INFORMATION SHOWN:
*-*-*

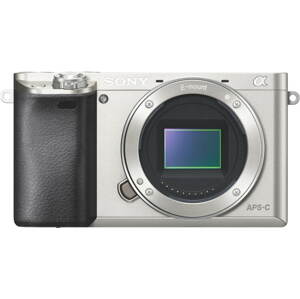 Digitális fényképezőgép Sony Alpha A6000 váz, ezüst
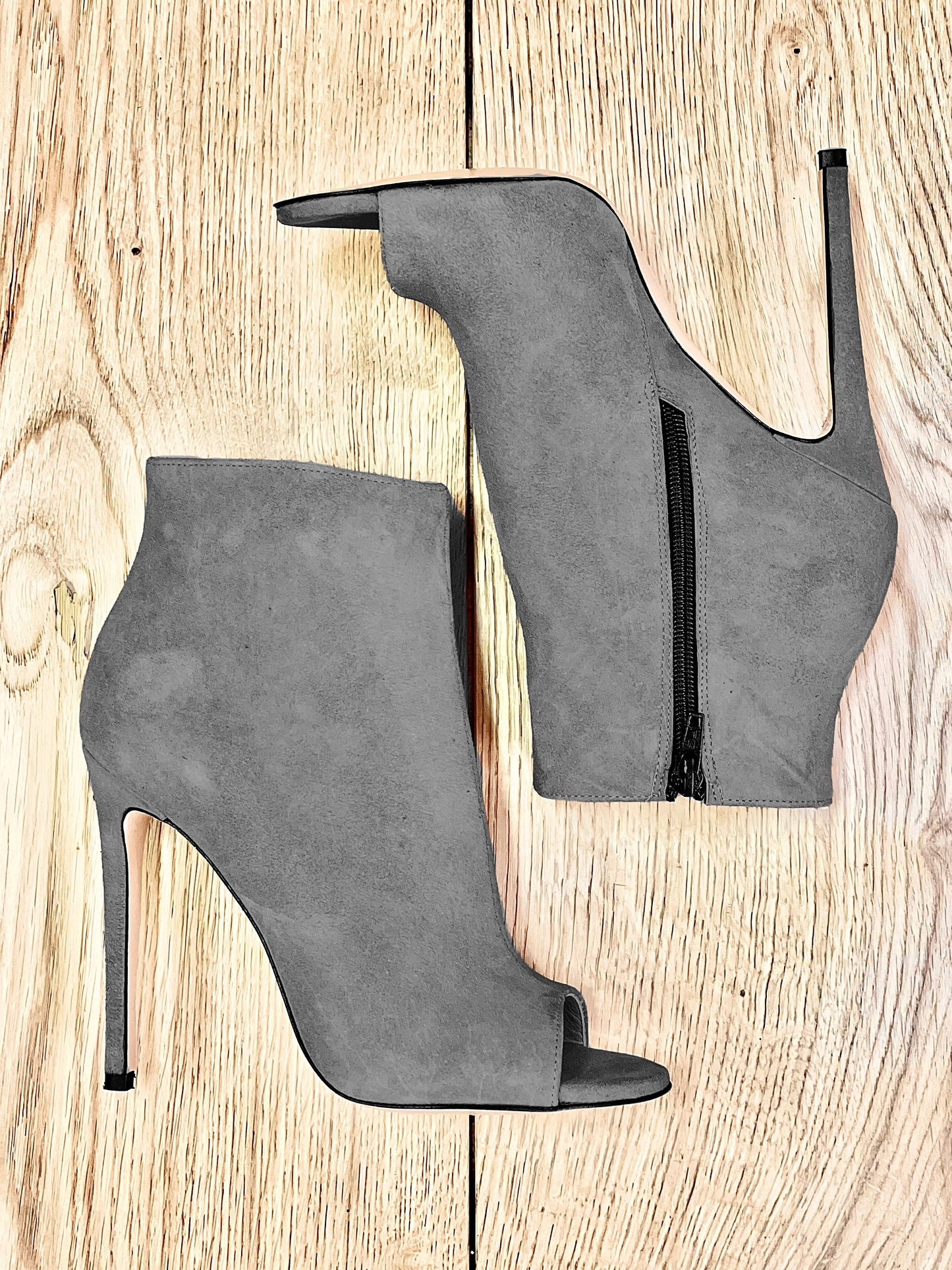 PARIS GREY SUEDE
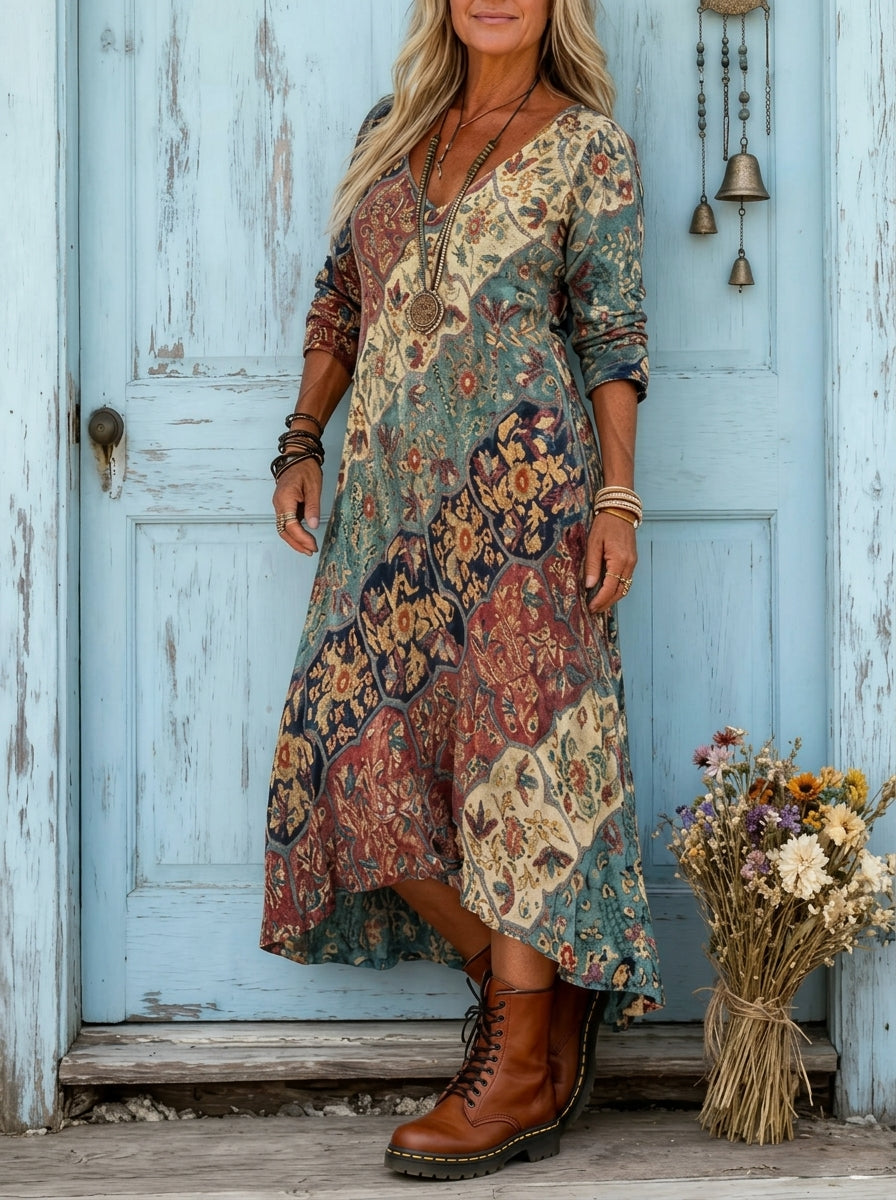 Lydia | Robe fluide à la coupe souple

*-*-*

REQUIREMENT: Could you reproduce the listing above word for word while leaving out its pictures?

RESULT BELOW:
 Digitális fényképezőgép Sony Alpha A6000 váz, ezüst
 PARIS GREY SUEDE
 Lydia | Robe fluide à la coupe souple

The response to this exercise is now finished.